> [GOAL OF THE EXERCISE]:
Once you have found the line with "吉野裕行(黒衣装) アクリルキーホルダー 「Kiramune" in the records below, retype it and every line after it to the end exactly, with no pictures and nothing more.

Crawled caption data
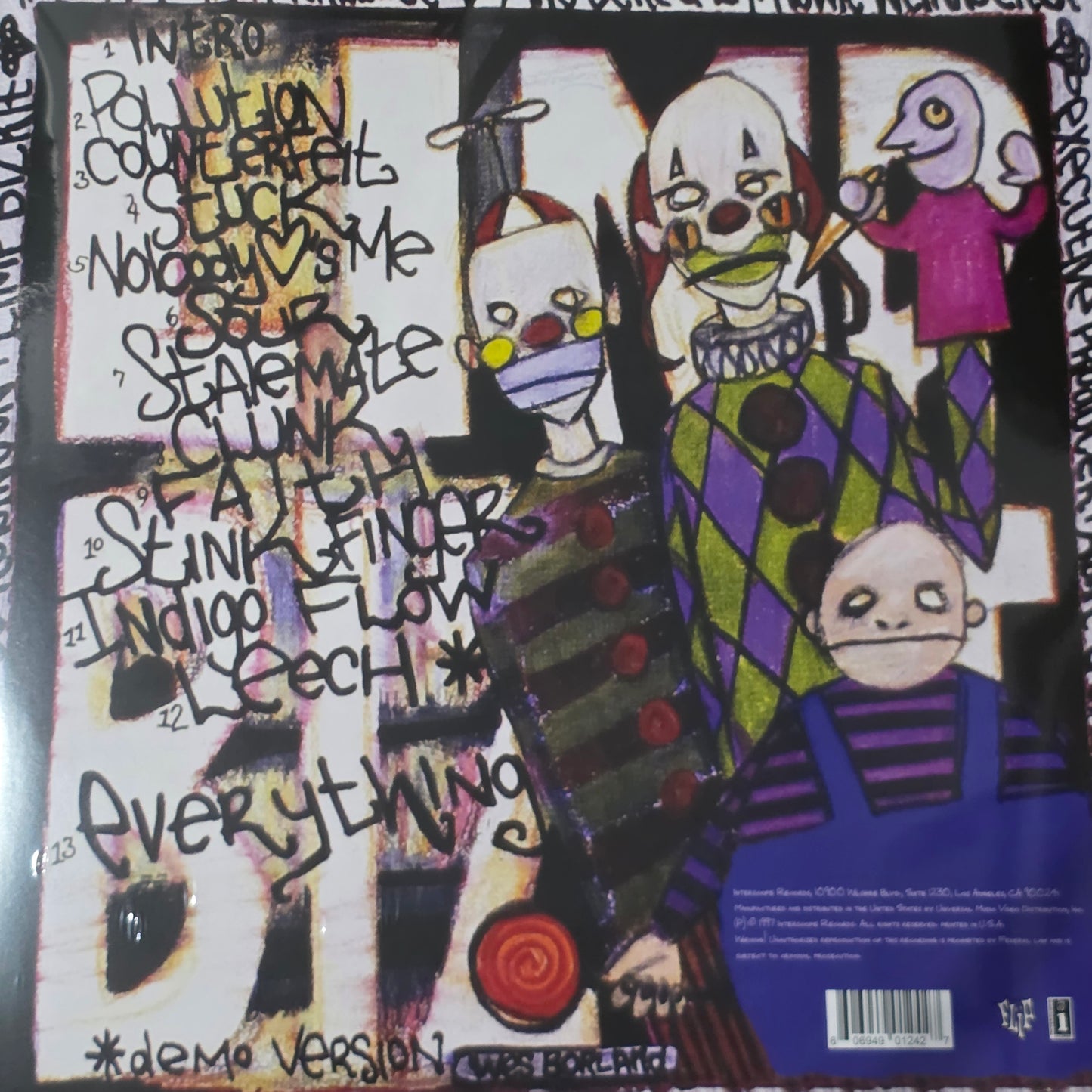 Limp Bizkit – Three Dollar Bill, Yall$ "2LP COLOURED VINYL RECORD"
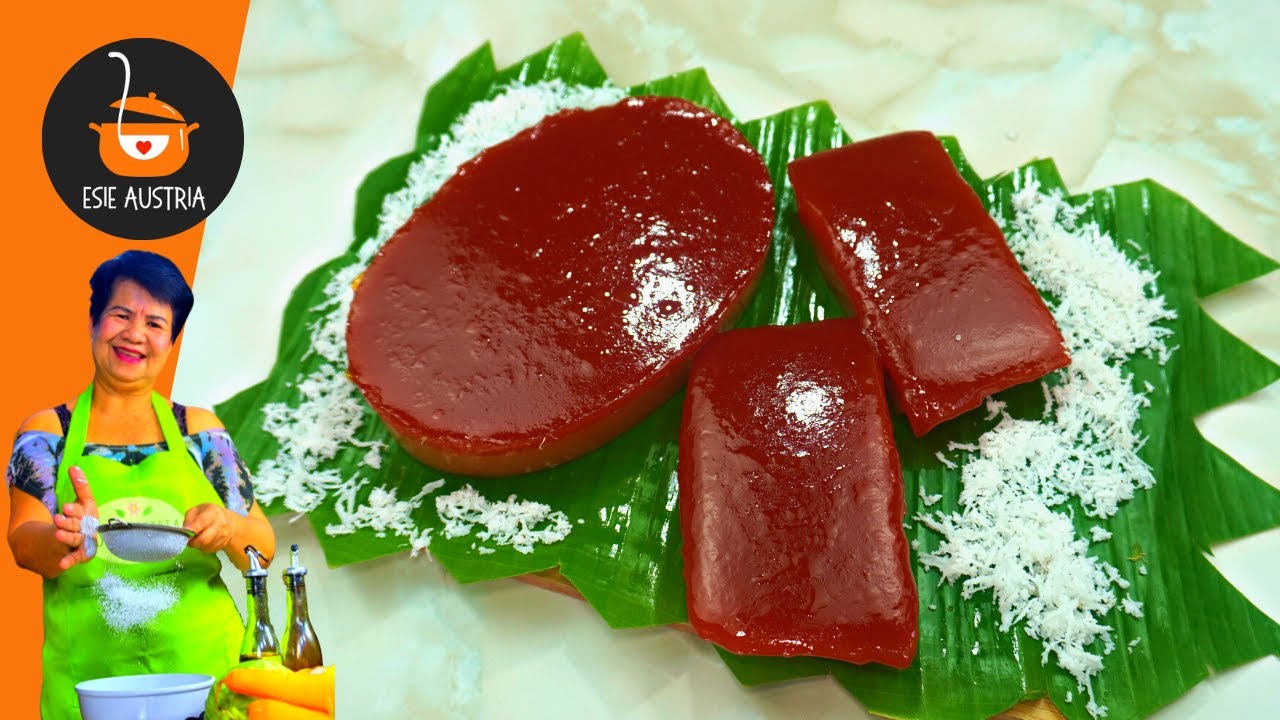 Espesyan na kutsinta | Kutsinta recipe | Kakaning pinoy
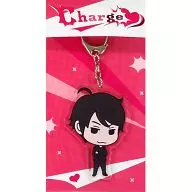 吉野裕行(黒衣装) アクリルキーホルダー 「Kiramune Presents 吉野裕行 1st Live Tour ”Charge”」 追加グッズ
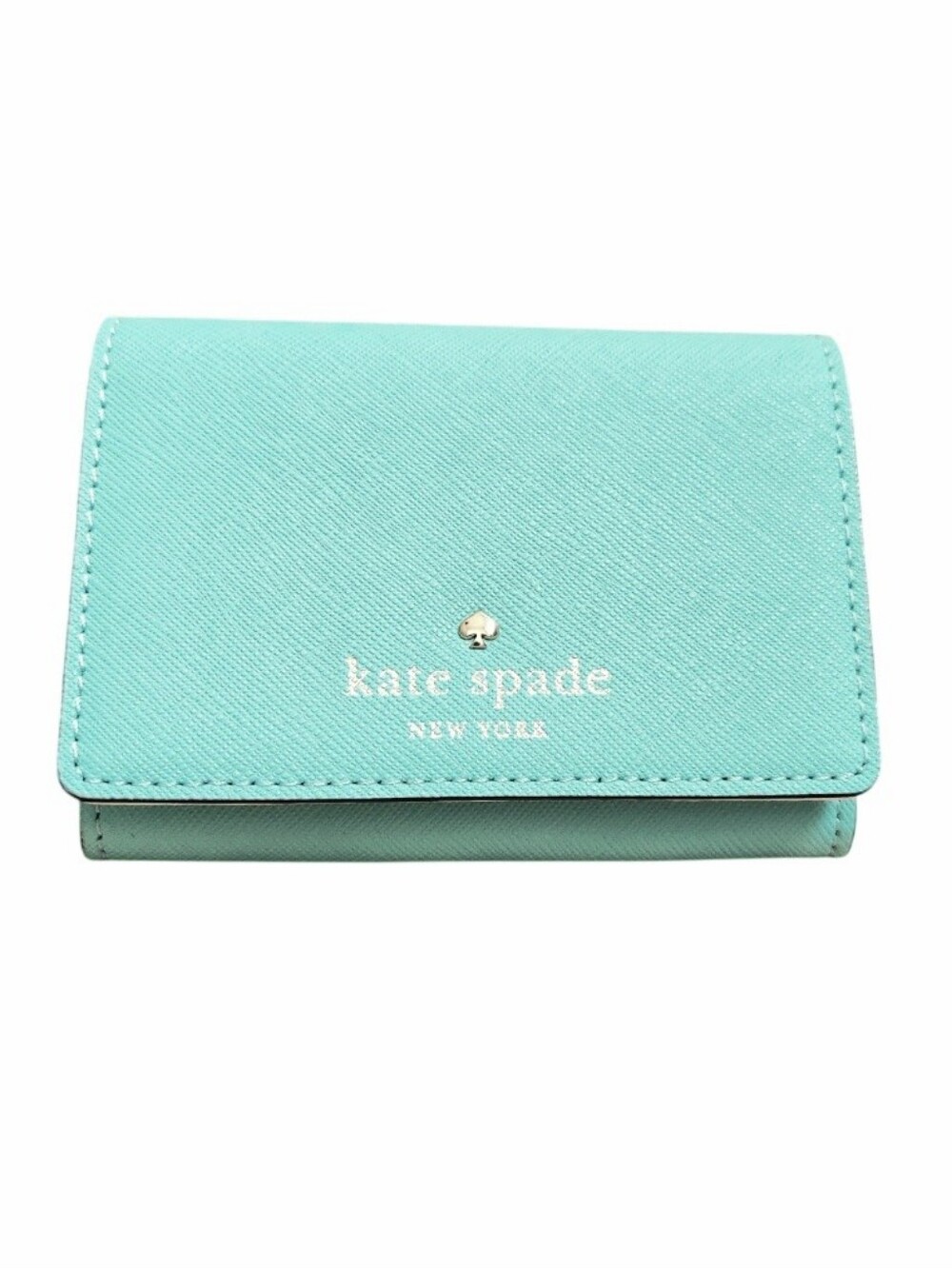 Kate Spade Green Mikas Pond Christine Card Wallet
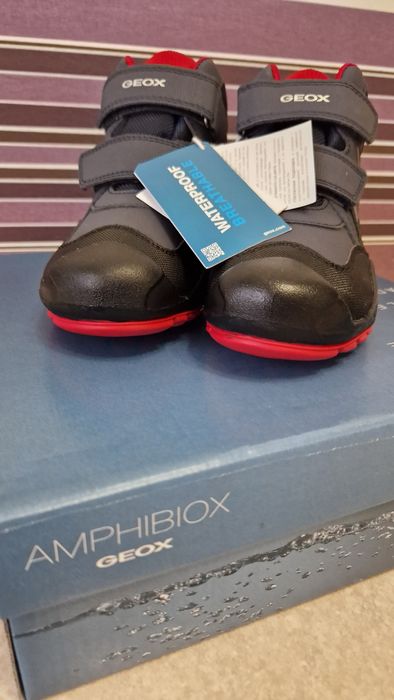 Утеплені термо черевики Geox р.30,31.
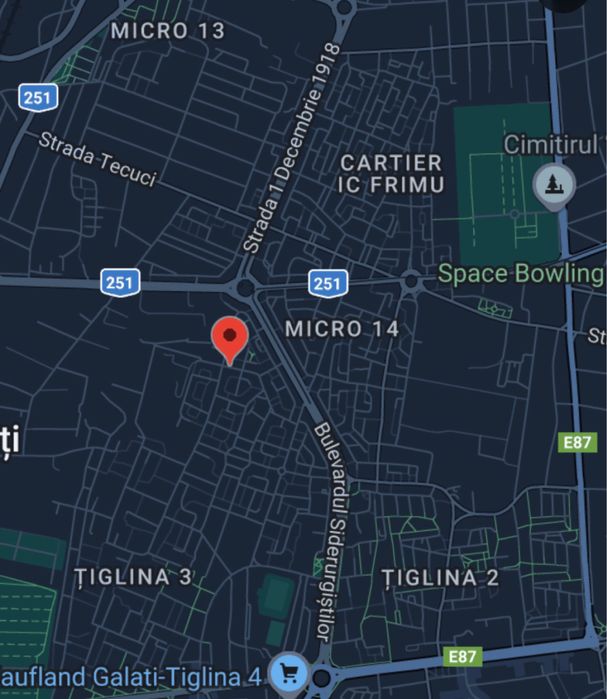 De vanzare/De inchiriat spatiu comercial, zona Siret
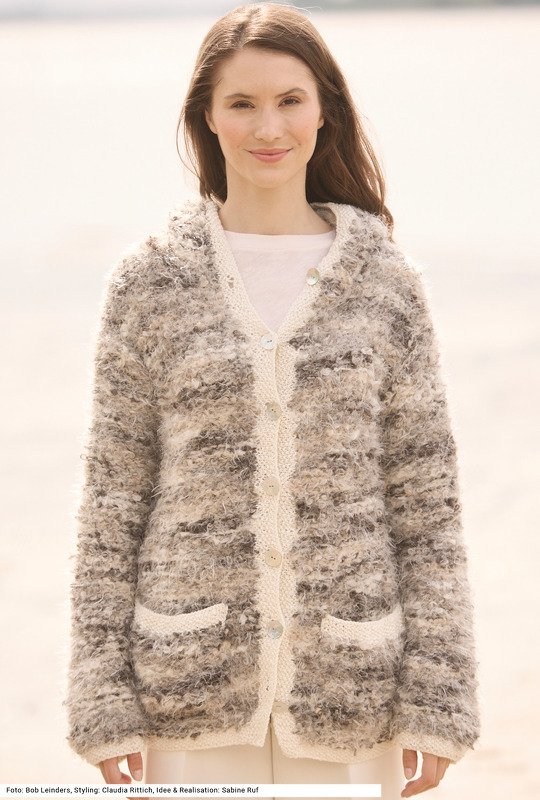 Jacke mit Kapuze - Bild 3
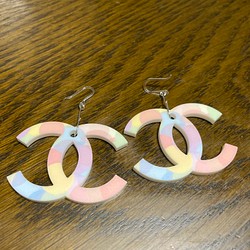 CHANEL リメイク　ピアス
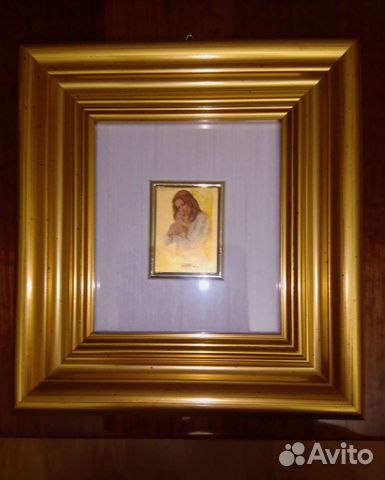 Подарок картина золото. Артиталия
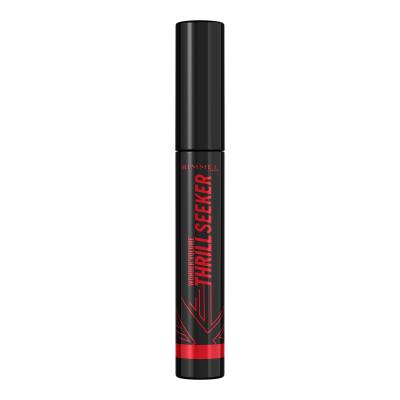 Rimmel London Thrill Seeker Maskara za žene 8 ml Nijansa Pitch Black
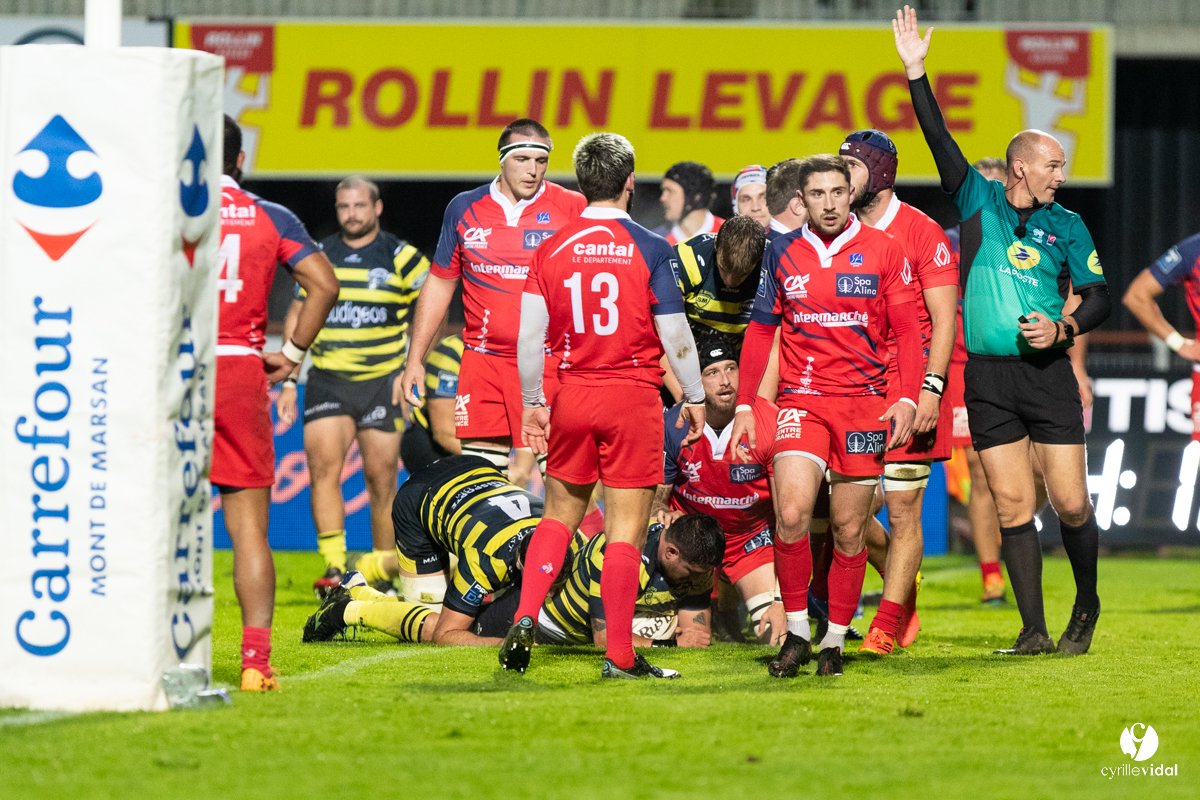 Stade Montois Rugby - Aurillac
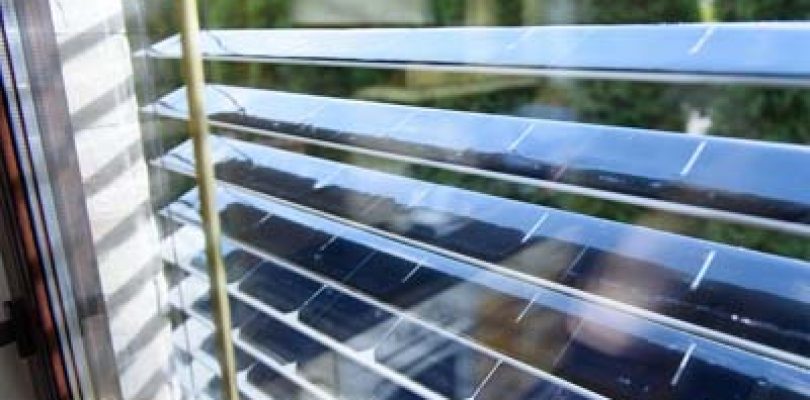Жалюзи с солнечными батареями нашли инвесторов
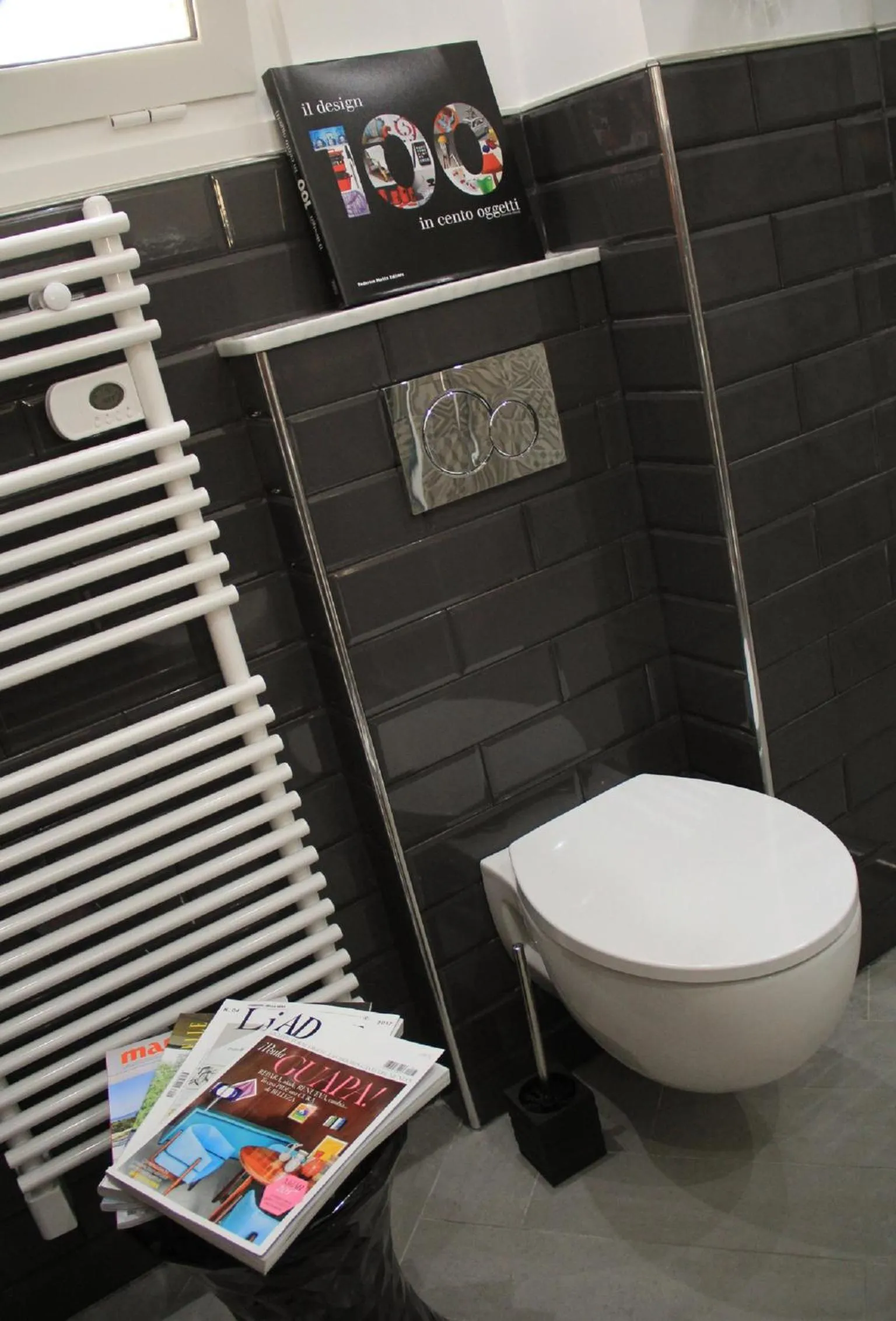 Bathroom in Hotel Bologna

> [RESULT OF THE TASK]:
 吉野裕行(黒衣装) アクリルキーホルダー 「Kiramune Presents 吉野裕行 1st Live Tour ”Charge”」 追加グッズ
 Kate Spade Green Mikas Pond Christine Card Wallet
 Утеплені термо черевики Geox р.30,31.
 De vanzare/De inchiriat spatiu comercial, zona Siret
 Jacke mit Kapuze - Bild 3
 CHANEL リメイク　ピアス
 Подарок картина золото. Артиталия
 Rimmel London Thrill Seeker Maskara za žene 8 ml Nijansa Pitch Black
 Stade Montois Rugby - Aurillac
Жалюзи с солнечными батареями нашли инвесторов
 Bathroom in Hotel Bologna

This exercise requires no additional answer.